WHAT IS REQUIRED: Reproduce the lines below verbatim. Pictures are to be omitted.

SOURCE DATA:

__________________________________________________

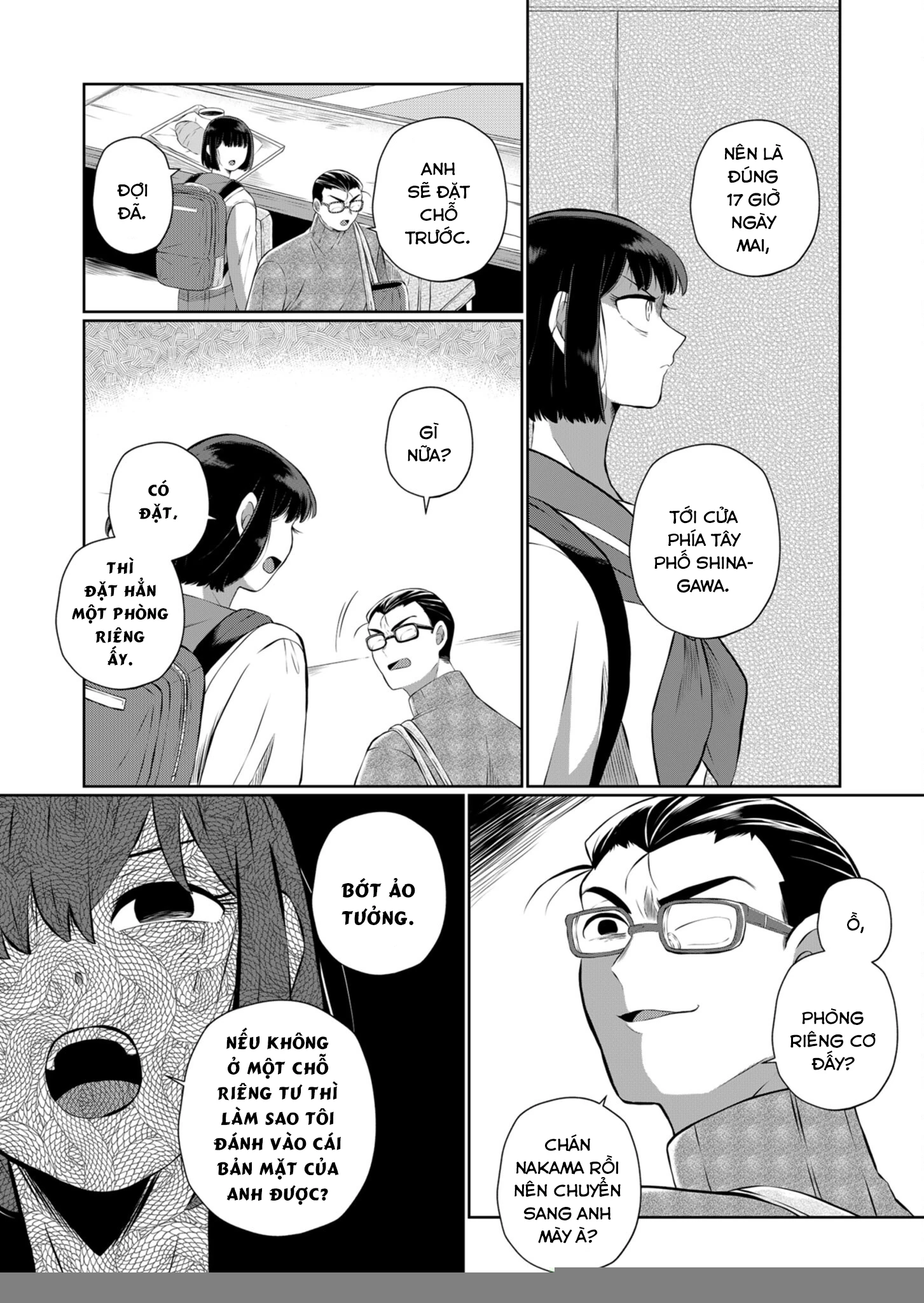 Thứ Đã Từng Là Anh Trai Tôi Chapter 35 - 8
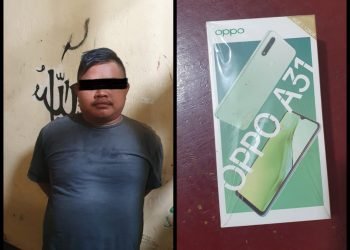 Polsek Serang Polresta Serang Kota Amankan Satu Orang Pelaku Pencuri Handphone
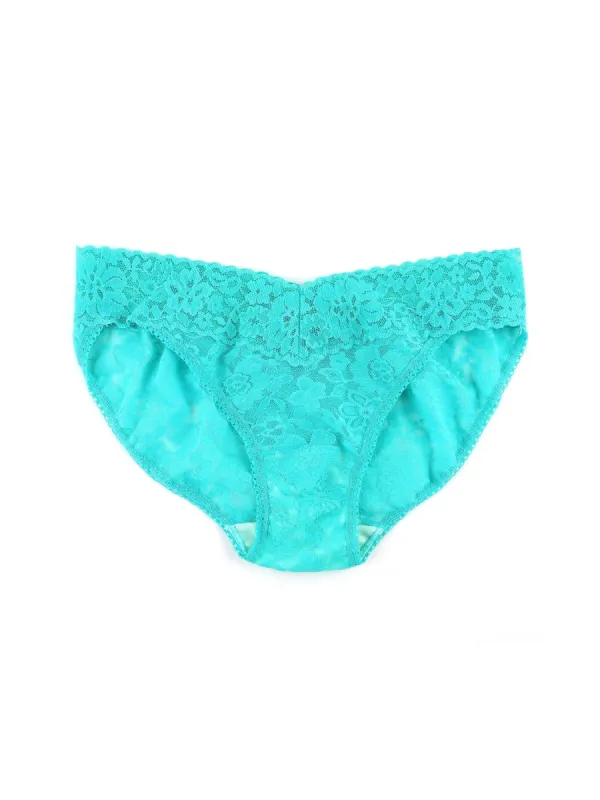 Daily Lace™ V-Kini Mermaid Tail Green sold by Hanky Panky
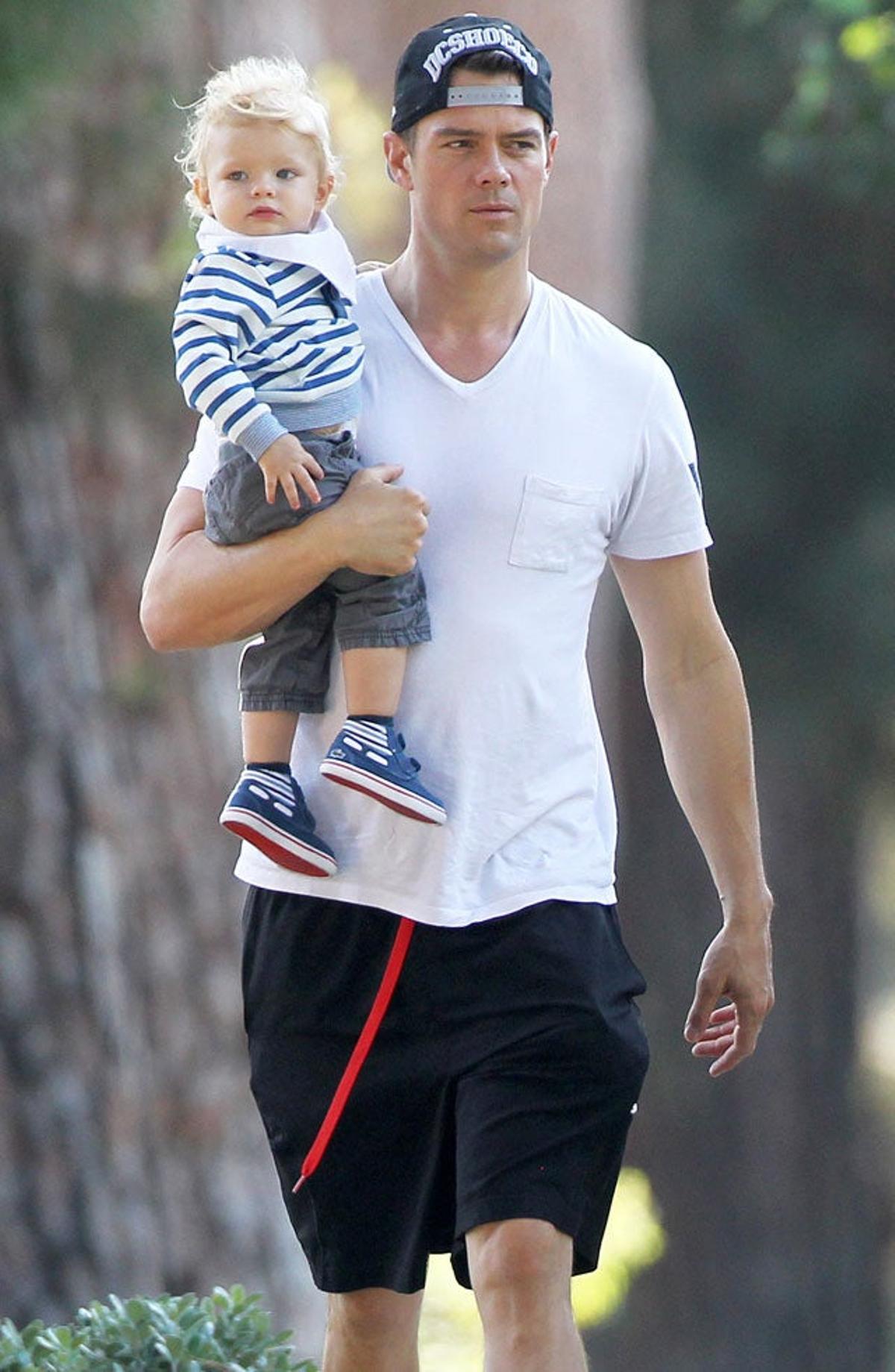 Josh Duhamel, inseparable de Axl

__________________________________________________

RESULT BELOW:
 Thứ Đã Từng Là Anh Trai Tôi Chapter 35 - 8
 Polsek Serang Polresta Serang Kota Amankan Satu Orang Pelaku Pencuri Handphone
 Daily Lace™ V-Kini Mermaid Tail Green sold by Hanky Panky
 Josh Duhamel, inseparable de Axl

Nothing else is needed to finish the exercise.